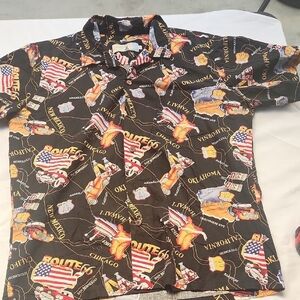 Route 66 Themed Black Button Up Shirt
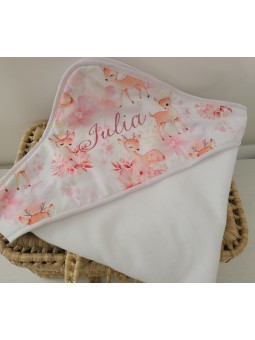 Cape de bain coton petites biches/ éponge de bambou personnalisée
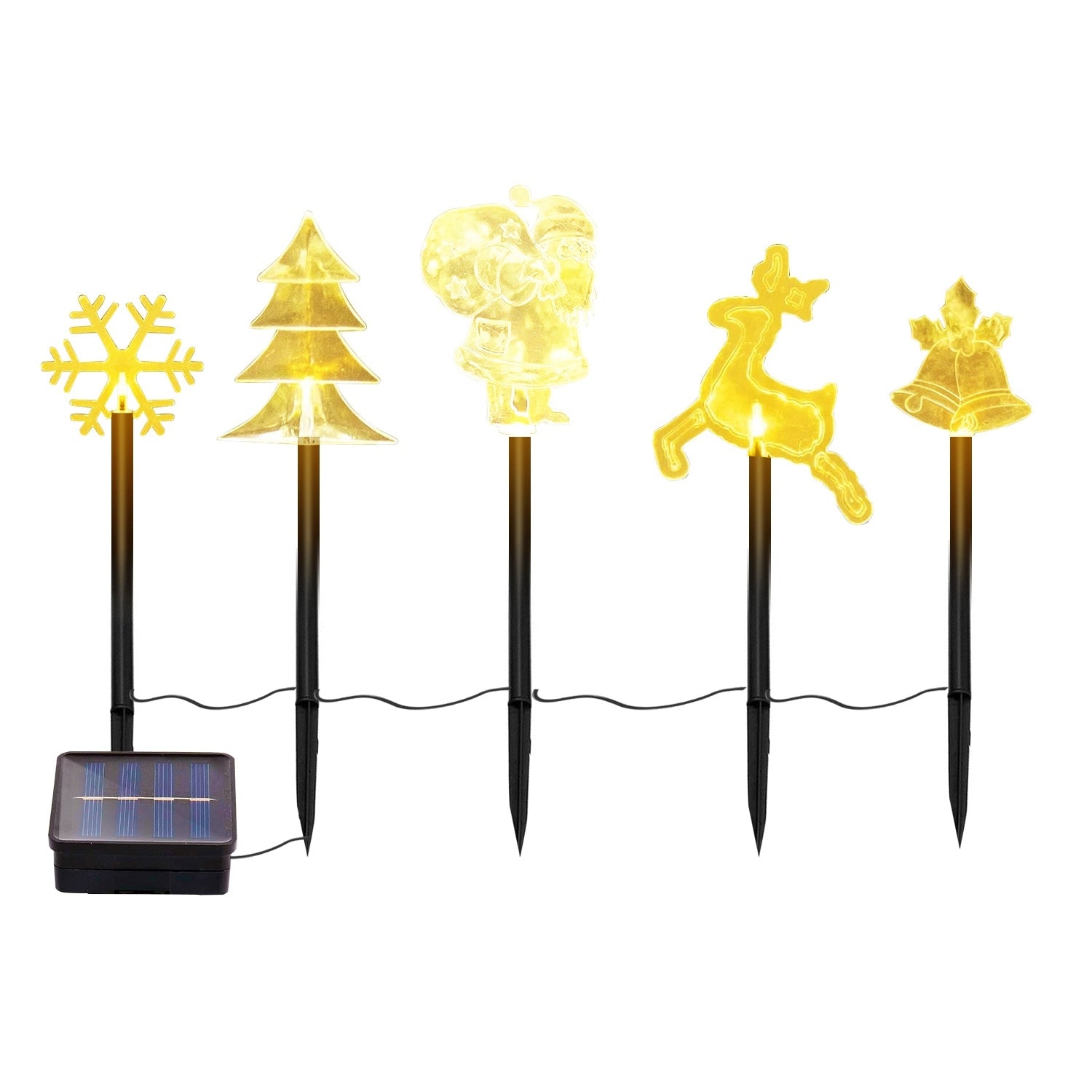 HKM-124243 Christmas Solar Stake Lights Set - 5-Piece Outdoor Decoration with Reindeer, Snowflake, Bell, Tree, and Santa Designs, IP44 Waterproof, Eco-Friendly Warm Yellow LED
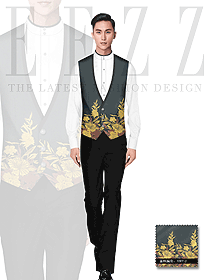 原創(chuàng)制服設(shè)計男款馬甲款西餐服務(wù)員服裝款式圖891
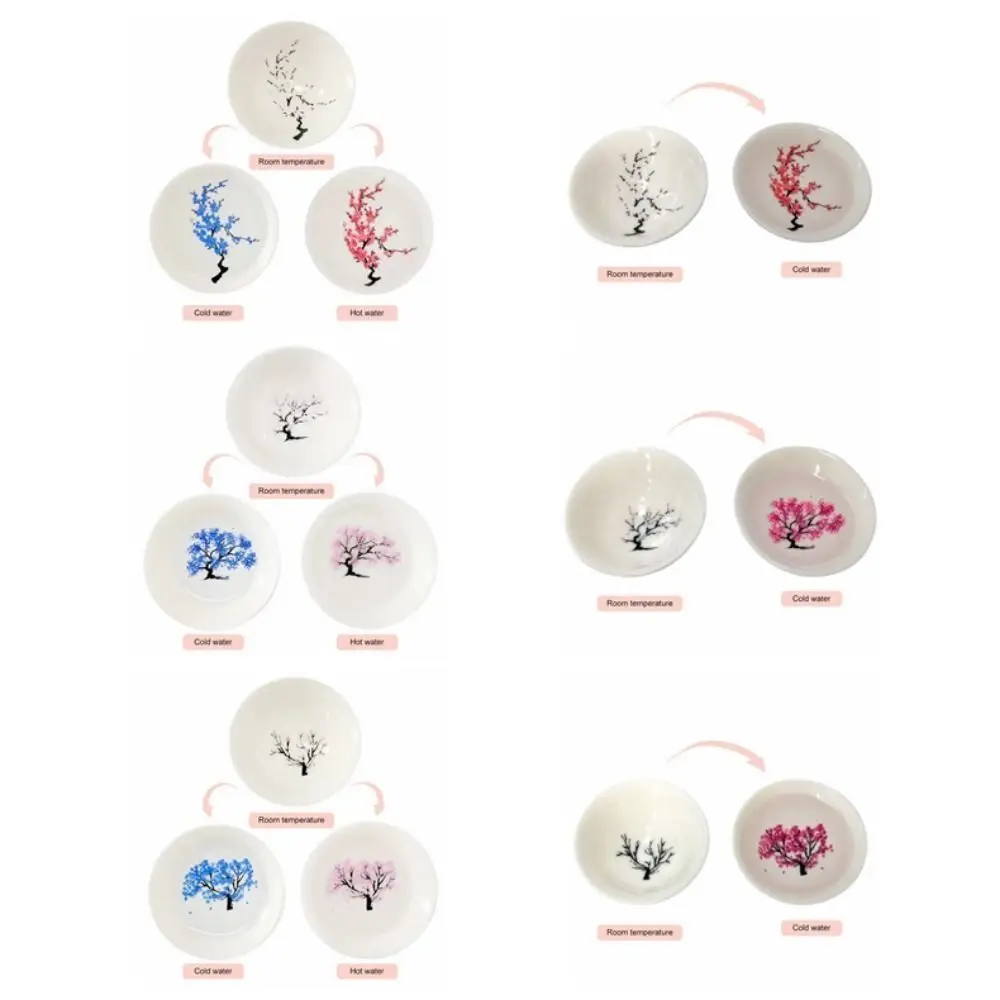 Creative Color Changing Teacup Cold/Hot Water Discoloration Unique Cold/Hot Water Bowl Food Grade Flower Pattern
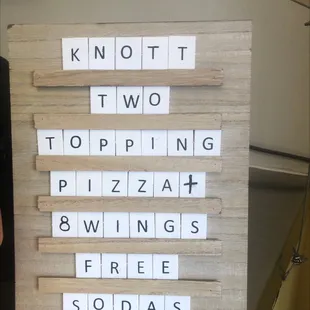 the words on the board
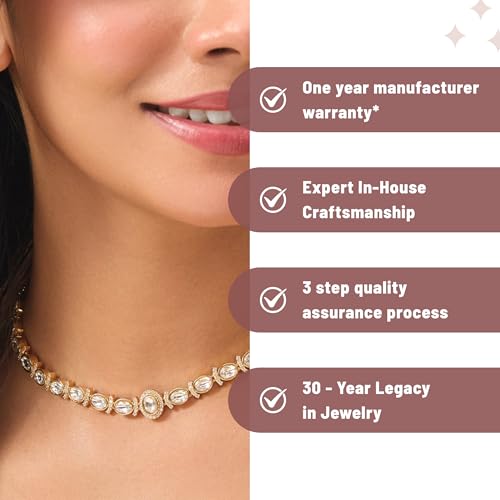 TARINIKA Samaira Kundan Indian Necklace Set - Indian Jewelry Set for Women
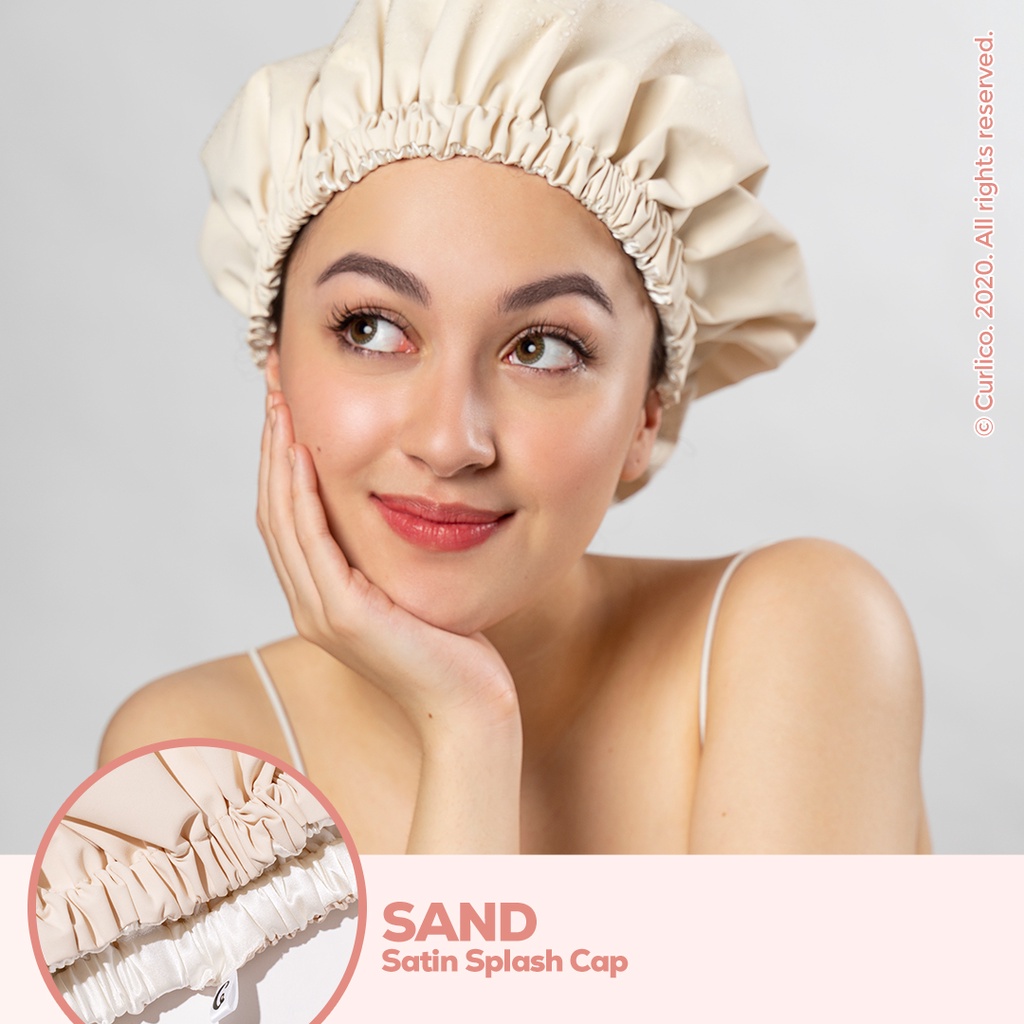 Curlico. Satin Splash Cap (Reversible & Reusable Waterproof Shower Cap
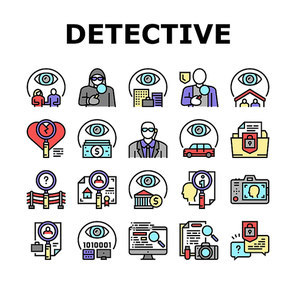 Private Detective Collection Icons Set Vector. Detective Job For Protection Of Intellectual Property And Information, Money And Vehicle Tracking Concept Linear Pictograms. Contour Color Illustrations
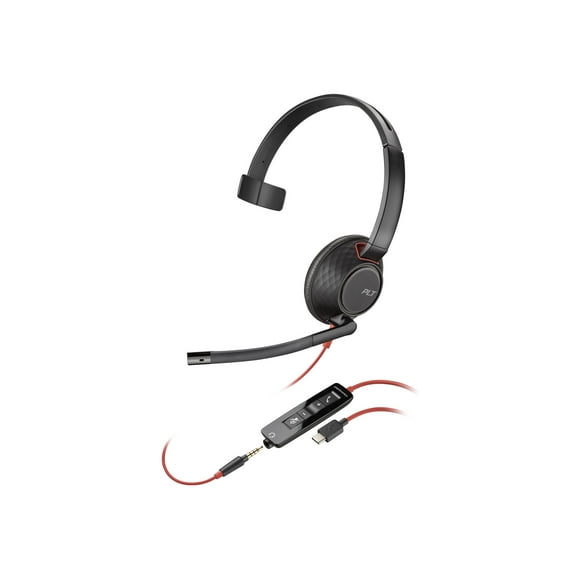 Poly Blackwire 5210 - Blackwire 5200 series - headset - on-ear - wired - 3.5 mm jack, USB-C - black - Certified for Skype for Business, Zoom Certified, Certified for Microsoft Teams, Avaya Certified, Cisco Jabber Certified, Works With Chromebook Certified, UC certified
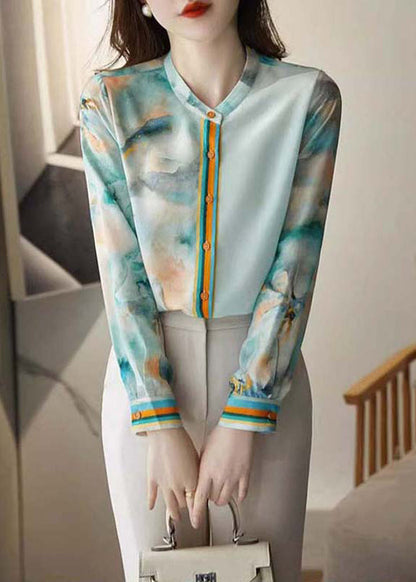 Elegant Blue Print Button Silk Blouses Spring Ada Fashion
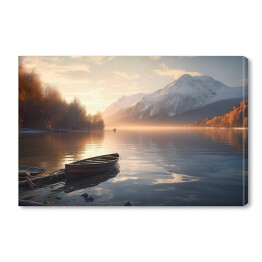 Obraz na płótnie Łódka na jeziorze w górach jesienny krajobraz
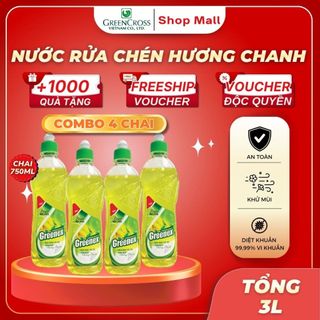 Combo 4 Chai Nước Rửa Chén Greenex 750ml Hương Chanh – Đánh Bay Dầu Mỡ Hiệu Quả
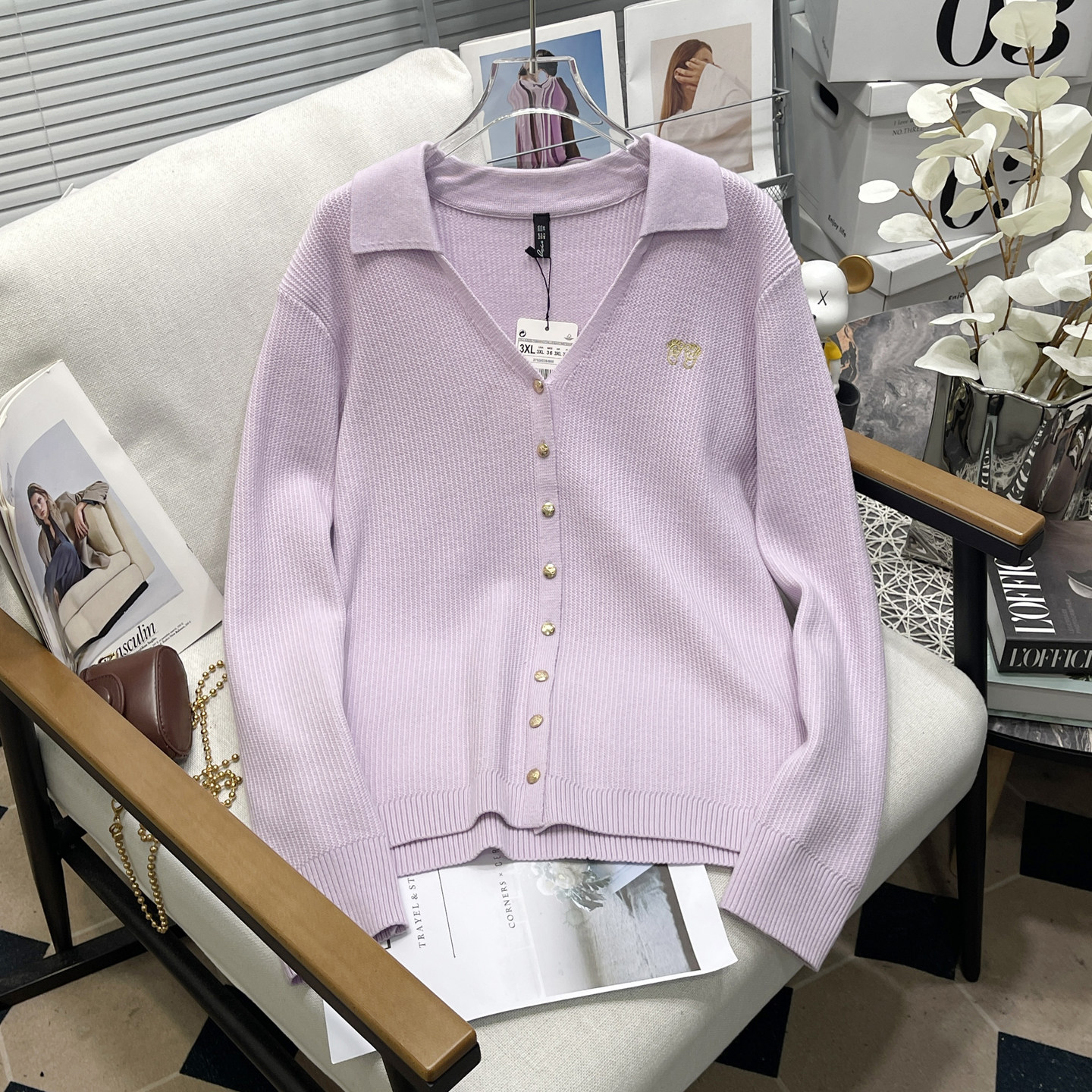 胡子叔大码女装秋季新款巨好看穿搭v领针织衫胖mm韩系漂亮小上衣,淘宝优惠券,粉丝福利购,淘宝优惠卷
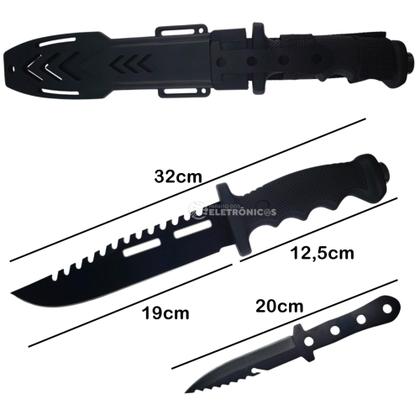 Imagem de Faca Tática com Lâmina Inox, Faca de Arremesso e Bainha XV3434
▬▬▬
▶ [PROMPT] From the first line above down to the line with "Curlico. Satin Splash", reproduce every line and no others, omitting pictures.

▶ [ANSWER SPACE]
 Route 66 Themed Black Button Up Shirt
 Cape de bain coton petites biches/ éponge de bambou personnalisée
 HKM-124243 Christmas Solar Stake Lights Set - 5-Piece Outdoor Decoration with Reindeer, Snowflake, Bell, Tree, and Santa Designs, IP44 Waterproof, Eco-Friendly Warm Yellow LED
 原創(chuàng)制服設(shè)計男款馬甲款西餐服務(wù)員服裝款式圖891
 Creative Color Changing Teacup Cold/Hot Water Discoloration Unique Cold/Hot Water Bowl Food Grade Flower Pattern
 the words on the board
 TARINIKA Samaira Kundan Indian Necklace Set - Indian Jewelry Set for Women
 Curlico. Satin Splash Cap (Reversible & Reusable Waterproof Shower Cap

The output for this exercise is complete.